His agent, a broker of scholarly monographs to university presses, understandably did not know what to make of the manuscript. Whether or not it was intended as a joke, she did not think it was likely to help her client's academic career. So she sat on it, and did nothing. When, a year later, Bird wrote to ask if he could shop it around to publishers himself, she readily consented. (Later still, when the book appeared and soon shot to the #1 spot on the
New York Times
“advice” bestseller list, where it would stay for seventeen weeks, she casually consulted her lawyer to find out if she might still be contractually entitled to some of the royalties. She was told that it would depend on whether or not Bird had kept a copy of her consenting letter. The agent decided not to pursue the matter; instead, to savor the delicious sense of having been wronged, she annulled her contract with Bird herself.)
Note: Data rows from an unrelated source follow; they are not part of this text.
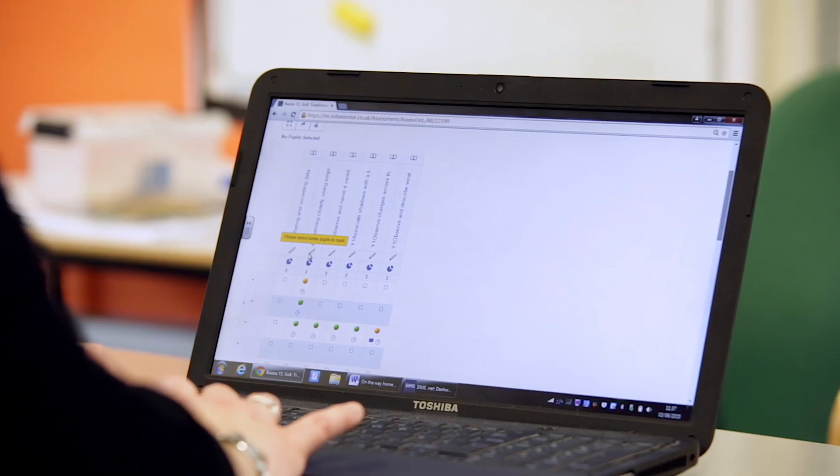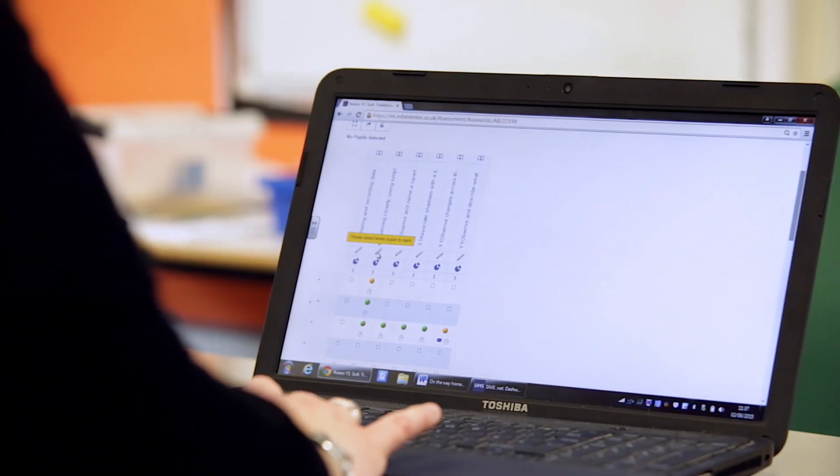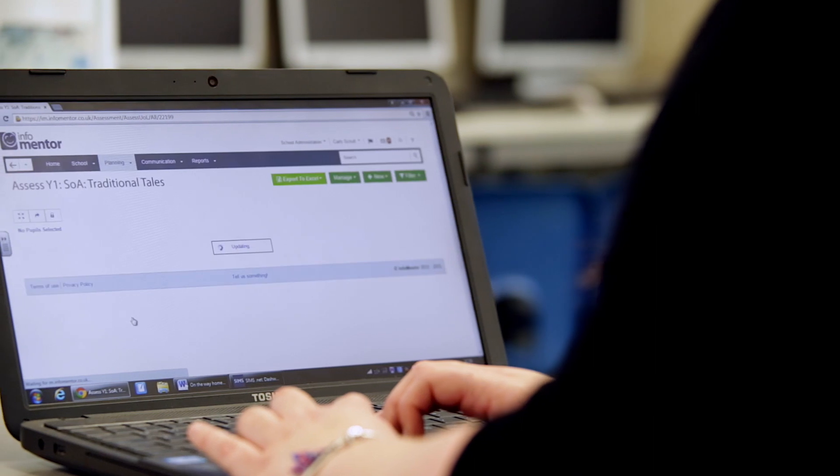InfoMentr is really helpful with medium term planning because for each unit of learning we're tagging the statements that we want to specifically look at. For example, we do topic-based planning, so if we are doing science one term I know that in the science section I need to cover all of the plant statements, ensuring that I get that broad depth of learning within the lessons. I know exactly what I've got to cover, I know exactly what I need to do, and I can check it off — yes, they know that statement, now I can move on to the next one.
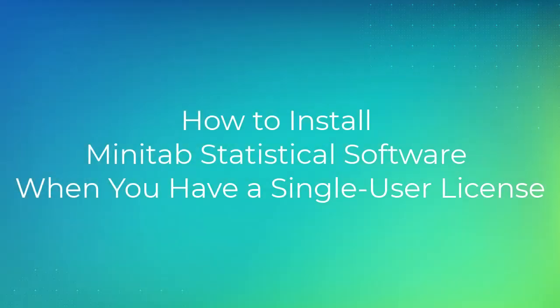Welcome to the video on how to install Minitab statistical software when you have a single user license.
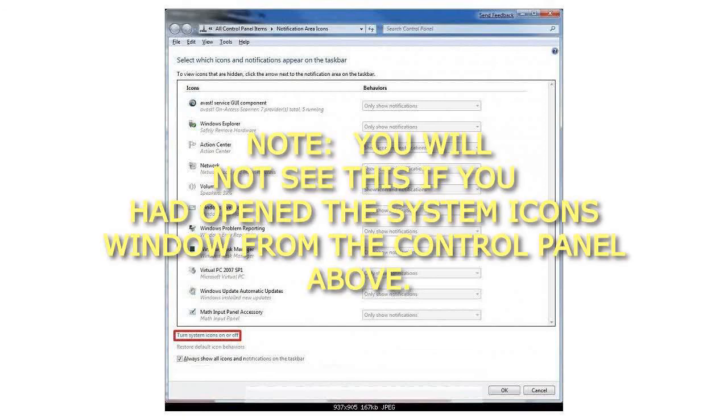You will not see this if you had opened the System Icons window from the Control Panel above. That's it.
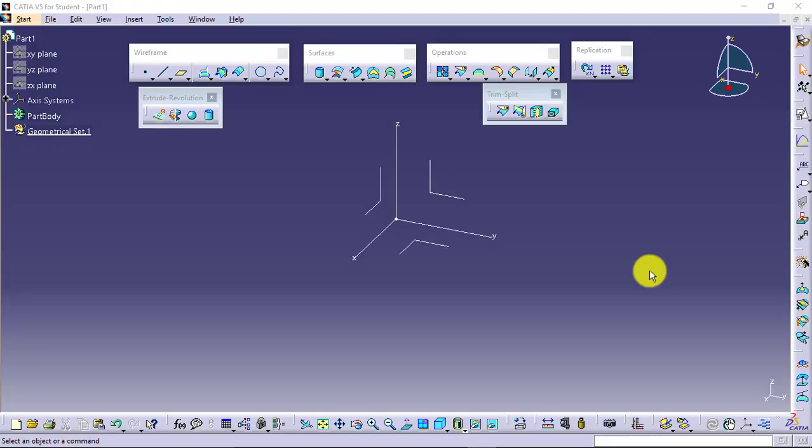Working in surface and wireframe design, we are using the generative shape design environment of CATIA V5.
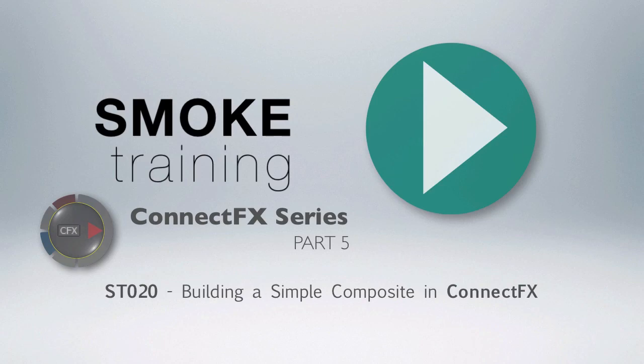Thank you for watching. In our next episode we'll take a quick look at how Smoke converts existing timeline effects and turns them into a ConnectFX composite.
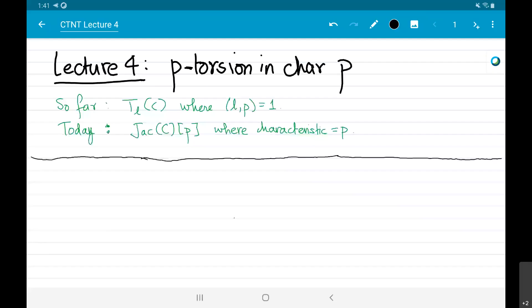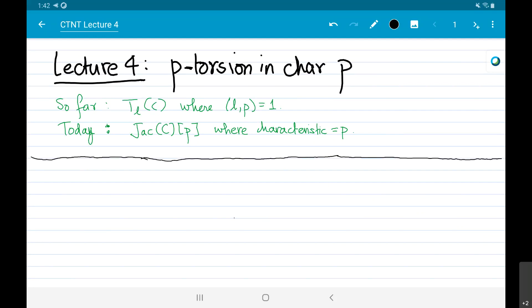Thank you Alvaro. Today we're going to talk about something quite different from what we did before. We're going to talk about p-torsion and characteristic p. So far we've been talking about the l-adic Tate module and Frobenius on the l-adic Tate module where l was the prime co-prime to p, i.e., not equal to p. Today we're going to remove that assumption and examine the p-torsion of the Jacobian of a curve in characteristic p.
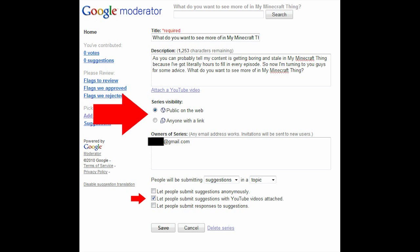just go ahead and go to Google, type in Google Moderator, go to your current question, your current series. They call them series, but your current question that you have posted, and make sure that the visibility is set to the correct public or to whatever you want it to be set to.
For a year, Bird was content to leave the book alone. But when he finally picked it up and read through it again, he was surprised. Because he had had time to forget much of it, and because it was not written in his usual labored style, he found that he could almost read it as the work of someone else—which is, of course, the best possible way to read one's own work.

It was undeniably silly, and dumb, and sloppily written—but then, he thought, so were all self-help books. And this
was
undeniably a self-help book.

But this one was different. This one said something he agreed with. This author, he felt, had gotten something right.
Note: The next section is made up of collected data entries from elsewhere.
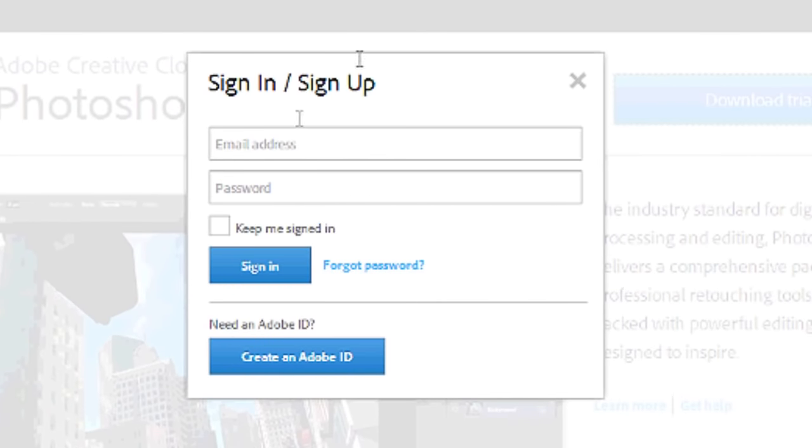You will need to sign up with Adobe and create an email and password. This will help them to validate your trial. After the trial period, you will need to purchase Photoshop to use it. And that's it.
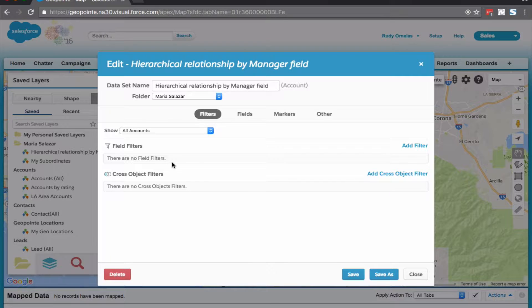Now, if you're using the manager lookup field to establish a hierarchical relationship, then this setup is for you. All right, let's go ahead and get to it.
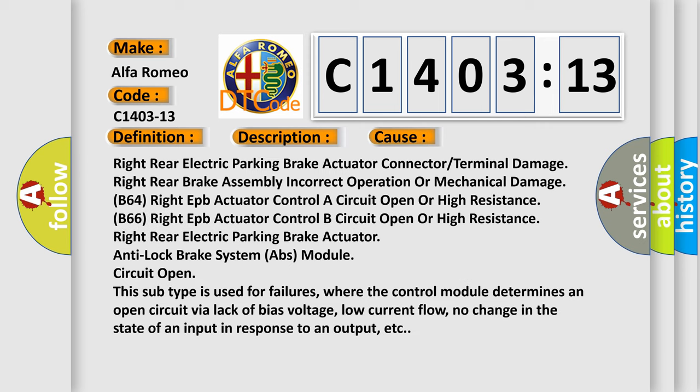This diagnostic error occurs most often in these cases: right rear electric parking brake actuator connector or terminal damage, right rear brake assembly incorrect operation or mechanical damage, B64 right EPB actuator controller circuit open or high resistance, B66 right EPB actuator control B circuit open or high resistance, right rear electric parking brake actuator, anti-lock brake system ABS module circuit open.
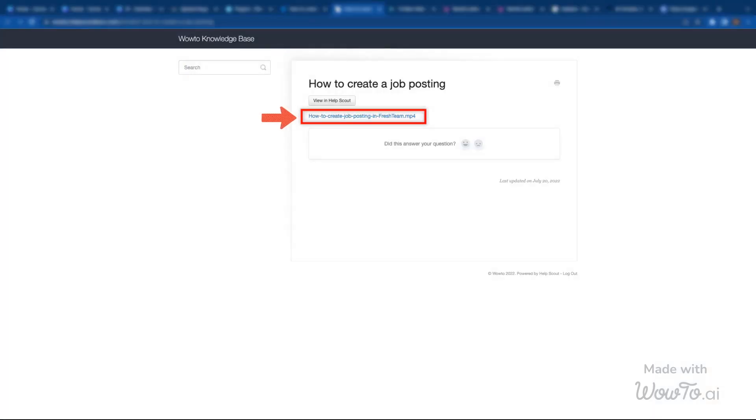And voila, your how-to video shows on your Help Scout support portal. Click on the file link to view your WowTo video.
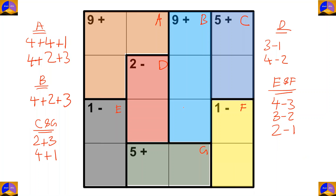Now let's start solving the puzzle. In cage B, there is only one option: 4 plus 2 plus 3. As B is in a straight column, and 4, 2 and 3 came over here, there is only one number left. So for completing this column, here it will be 1.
You are (this author wrote) a piece of fate. Your body and your mind are governed by physical laws and necessities. That means you yourself are a law and a necessity. To improve yourself—to
change
yourself—it would be necessary to change the laws and necessities of the physical universe!

Because you think you should be able to improve yourself, you feel pain and anguish when you fail to do so. You beat yourself up for not being better, for not being different. But NO ONE is to blame for who they are or who they are not!

Hating yourself for not being someone else is like hating a rock for being a rock. It's not
being you
that makes you unhappy, it's
wanting to be someone else.

You are who you are. You can't be anyone else. Why would you want to be?

This, to Jim Bird, sounded familiar, and true. He had, it seemed, almost despite himself, written something of value. It was not a spoof, but an antidote.

When he sent the manuscript to several of the most prominent publishers of self-help books, he did so with some lingering shame (which was not much alleviated by signing his cover letters “Jim Bird” instead of “James R. Bird, Ph.D.”). He still feared, at this point, that someone would see through him, would see that he was only joking. This fear finally began to diminish when the book was enthusiastically accepted by a large and powerful publishing house. It diminished further when the book was launched, and still further when it began to
sell in astounding numbers. No one called him a fraud. No one said, “But you're just a philosophy professor at a cut-rate university. What do
you
know?” On the contrary, letters began to pour in from across the country assuring him that he had said something true, something of value. He began, naturally enough, to believe it. He resigned his tenure at the university. He began to receive, and then to accept invitations to speak in public, to sign books, to be interviewed on television. He started to plan a second book, one that would rectify the flaws of the first, clear up some of his readers' misconceptions, and forestall further misreadings. By the time his ex-wife accosted him after one of his sold-out lectures, the feeling that he would be exposed as a sham had been almost completely extinguished.